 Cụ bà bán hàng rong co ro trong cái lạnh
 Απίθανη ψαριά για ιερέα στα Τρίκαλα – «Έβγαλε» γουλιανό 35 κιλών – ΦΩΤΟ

┄┄┄┄┄┄┄┄┄┄

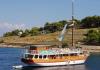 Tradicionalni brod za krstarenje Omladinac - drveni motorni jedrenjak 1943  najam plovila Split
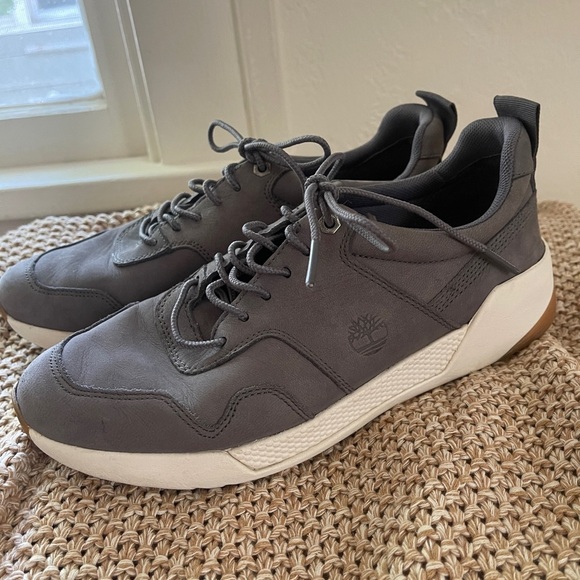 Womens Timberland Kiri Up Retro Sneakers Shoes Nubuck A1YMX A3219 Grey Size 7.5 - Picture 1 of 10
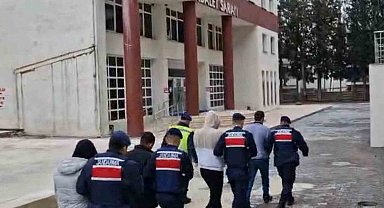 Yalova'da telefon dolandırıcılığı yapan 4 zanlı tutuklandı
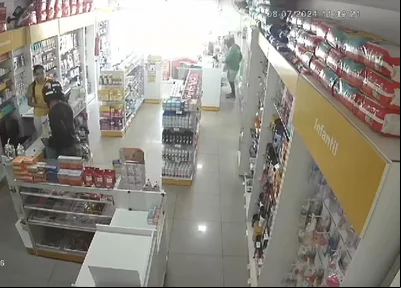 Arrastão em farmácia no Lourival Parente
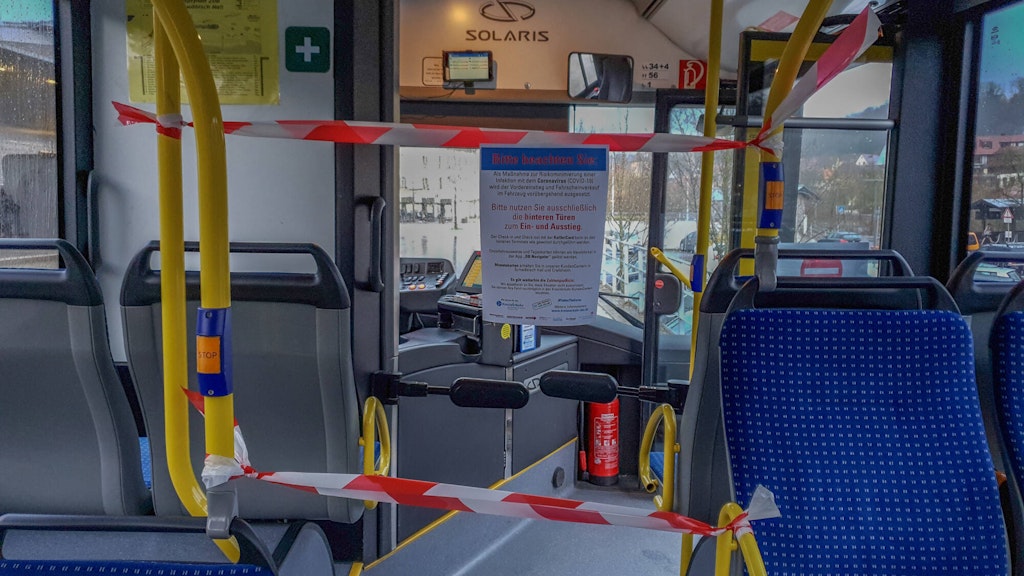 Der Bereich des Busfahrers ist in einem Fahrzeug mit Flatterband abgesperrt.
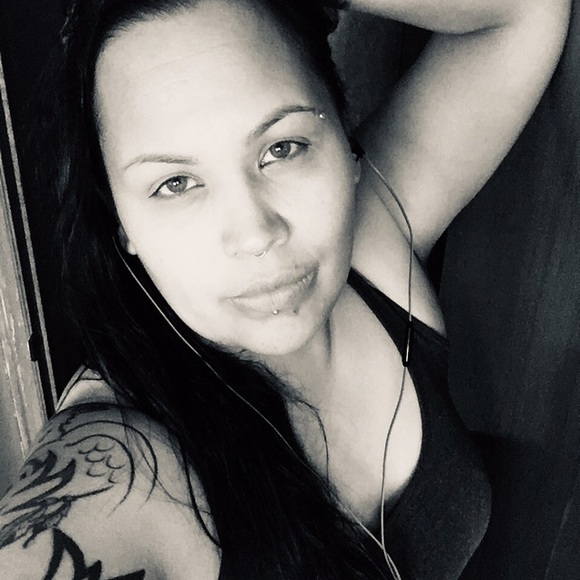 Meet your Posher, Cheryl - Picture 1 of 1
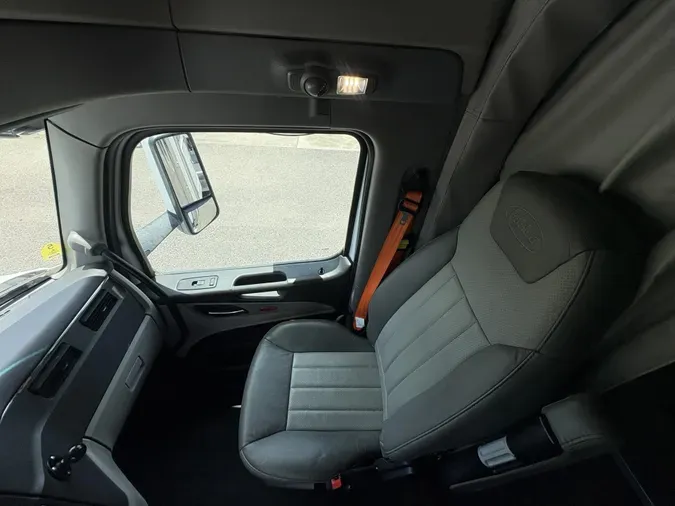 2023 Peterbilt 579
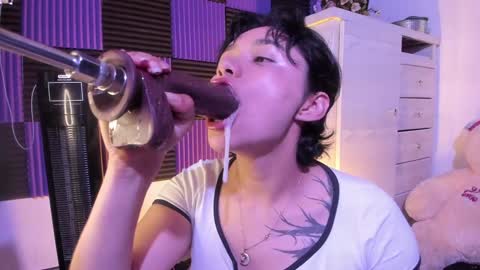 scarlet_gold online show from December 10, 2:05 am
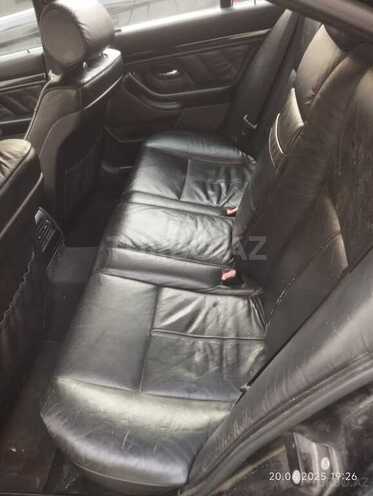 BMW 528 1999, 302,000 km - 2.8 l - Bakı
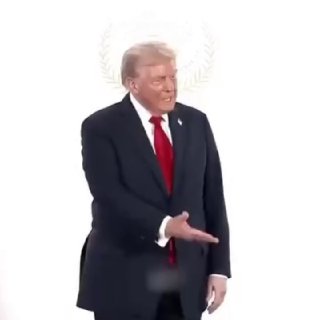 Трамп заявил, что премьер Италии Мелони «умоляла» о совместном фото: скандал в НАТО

┄┄┄┄┄┄┄┄┄┄

=== Activity ===
Above are the entries. Quote exactly the lines from the one bearing "Cụ bà bán hàng rong co ro trong cái lạnh" through the one bearing "Απίθανη ψαριά για".

=== Answer ===
 Cụ bà bán hàng rong co ro trong cái lạnh
 Απίθανη ψαριά για ιερέα στα Τρίκαλα – «Έβγαλε» γουλιανό 35 κιλών – ΦΩΤΟ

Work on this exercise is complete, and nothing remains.